Patients were selected for inclusion in this study through a cross-reference of Philips Lifeline and Partners Healthcare at Home (PLL/PHH) patients. 4290 PERS users at PHH were identified from the Philips’ database and were cross-matched to the Partners Healthcare data warehouse. Identified patients were matched by first and last names and date of birth and/or address. We extracted 5 years of healthcare utilization data (2011–2015) for all identified patients. After matching and data extraction, patients were assigned de-identified study IDs and the data was stripped of all personal identifiers before analyses. We excluded unmatched patients or matched patients without utilization record in the data warehouse.

Outcomes

The primary outcome was to characterize the healthcare utilization of PERS patients. This outcome was assessed by 30-, 90-, and 180-day readmission rates using clinical encounter data in the EDW. Index admissions are used as a reference point for subsequent admissions. The number of days from an index admission to the next admission is used to determine the type of readmission, 30-, 90-, or 180-day.
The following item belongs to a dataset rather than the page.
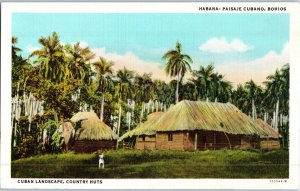 Country Huts In Havana Cuba Postcard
Additionally, we assessed the frequency of principal admitting diagnoses. This was determined by analyzing the principal diagnosis International Classification of Diseases (ICD)-9 code associated with each inpatient admission, then categorizing the codes according to the condition groups designated by the Health Cost and Utilization Project (HCUP) Clinical Classifications Software (CCS), which characterizes diagnoses into clinically meaningful groups making it easier to see diagnosis data patterns [20].
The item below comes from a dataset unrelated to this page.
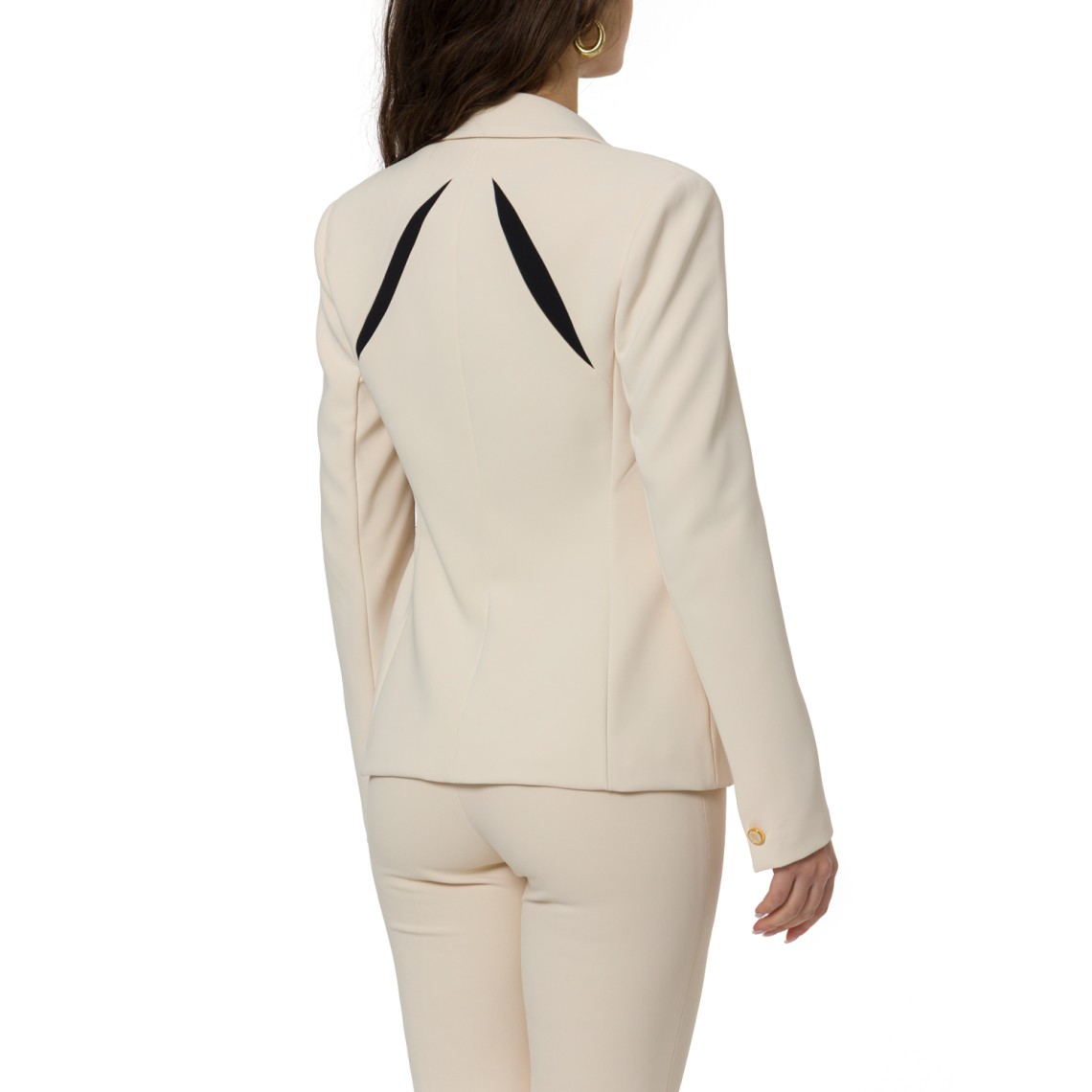 Giacca in crêpe leggero con cut-out bicolore Elisabetta Franchi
We also evaluated the prevalence of medical conditions leading to potentially avoidable admissions. This was determined by analyzing the principal diagnosis ICD9 code associated with each inpatient admission and categorizing the codes according to 3 groups: those potentially avoidable in both institutional and non-institutional settings, those potentially avoidable only in institutional settings [6, 21], and those which are not determined to be potentially avoidable.
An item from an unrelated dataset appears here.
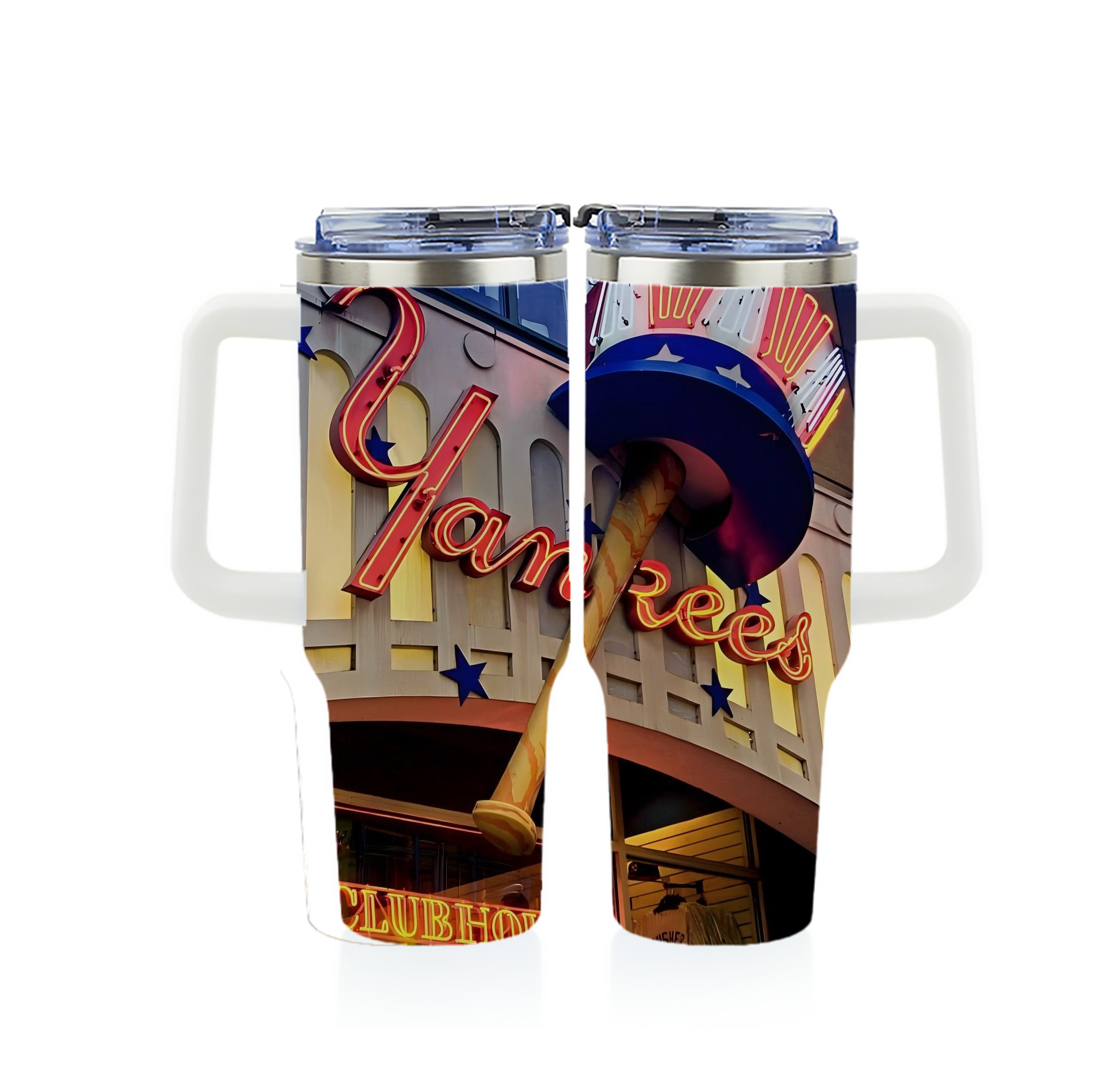 New York Yankees 178 40oz Full Wrap Car Tumbler – Durable Stainless Steel Travel Mug With Vibrant UV Print – Double Wall Insulated, Fits Most Car Cup Holders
Finally, PERS utilization data was summarized. Each personal help button press was registered in the PERS database as a unique “case”. Case data included date of the press, the case type, the situation involved, and the outcome of the press.

Statistical plan

Demographic and healthcare utilization data for the fiscal years 2011–2015 were extracted from the EDW using Structured Query Language (SQL) and Microsoft SQL Server Management Studio (SSMS) 2014. Data management and de-identification were achieved through SSMS and Microsoft Excel 2007. Descriptive analyses were completed with Excel, Tableau Software 9.2. R was used for linear regression analyses using RStudio version 3.2.2. Pearson chi-squared tests were used for categorical variables and t-tests for continuous variables using STATA version 14.1.

Results

Population identification

“Figure 1. Sample Selection Process” details the sample selection process. 78% (3335/4290) of patients on the list of PLL enrollees were identified from the EDW; and 79% (2643/3335) of those identified met the criteria for inclusion in the study.
Fig. 1

Sample Selection Process. Legend: outlines the sample selection process. 78% (3335/4290) of patients on the list of PLL enrollees were identified from the EDW; and 79% (2643/3335) of those identified met the criteria for inclusion in the study

Demographics

The study population was, on average, significantly older than the national CMS population (79 years old vs. 71 years old). Majority (75%) of the study population was female in comparison to the younger CMS population, where 55% of all beneficiaries were female. Similar to national CMS population estimates, a majority (93%) of the study population identified as white (Table 1). It should be noted that there was a large proportion of unknown values for education and marital status, therefore it is difficult to make conclusive comparisons between the two populations based on these data. The percentages presented in Table 1 exclude the unknown values.
Table 1

Subject Demographic Characteristics

Variable

PLL/PHH

2014 CMS (A + B) national

p-value

 

% (N = 2,643)

% (N = 51,470,589)

 

Age

 Mean, (SD)

79 (11)

71.1

<0.001

Age Cat.

  

<0.001

  < 65

11 (303)

16 (8,352,750)

 

 65+

89 (2340)

84 (43,117,839)

 

Gender

  

<0.001

 Female

75 (1,990)

55 (28,197,507)

 

Race

 White

93 (2312)

80 (41,269,942)

0.41

 Hispanic

0 (9)

6 (2,975,486)

<0.001

 Black/AA

5 (128)

10 (4,877,000)

<0.001

 Other

1 (26)

5 (2,348,162)

<0.001

Unknown

n = 168

NA

NA

Education

  ≥ College

36 (551)

27 (13,979,412)

<0.001

 Some college

7 (102)

25 (12,821,324)

<0.001

 High-school

43 (657)

28 (14,561,030)

<0.001

  < High-school

13 (201)

20 (10,103,677)

<0.001

Unknown

n = 1132

NA

NA

Marital Status

 Married

29 (695)

52 (26,672,059)

<0.001

 Divorced

13 (317)

17 (8,605,883)

<0.001

 Single

20 (475)

9 (4,658,088)

<0.001

 Widowed

37 (887)

22 (11,539,706)

<0.001

Unknown

n = 269

NA

NA

PERS utilization data

Of the 2643 patients included in the analyses, 97% (n = 2555) utilized PERS for a median of 3 years (interquartile range, 1–5). 28.4% of patients have button utilization data for all 5 years of the evaluation period, 22.3% between 3–4 years of button utilization data, and 49.4% have 1–2 years of button utilization data. Overall, there were 78,585 registered cases. Case types included regular maintenance tests of PERS (68.7%), other maintenance or servicing of the system (13.9%), accidental button presses (11.7%), and adverse ‘incidents’ (5.4%). Less than 1% (0.3%) of cases were of the type ‘other’ or unknown.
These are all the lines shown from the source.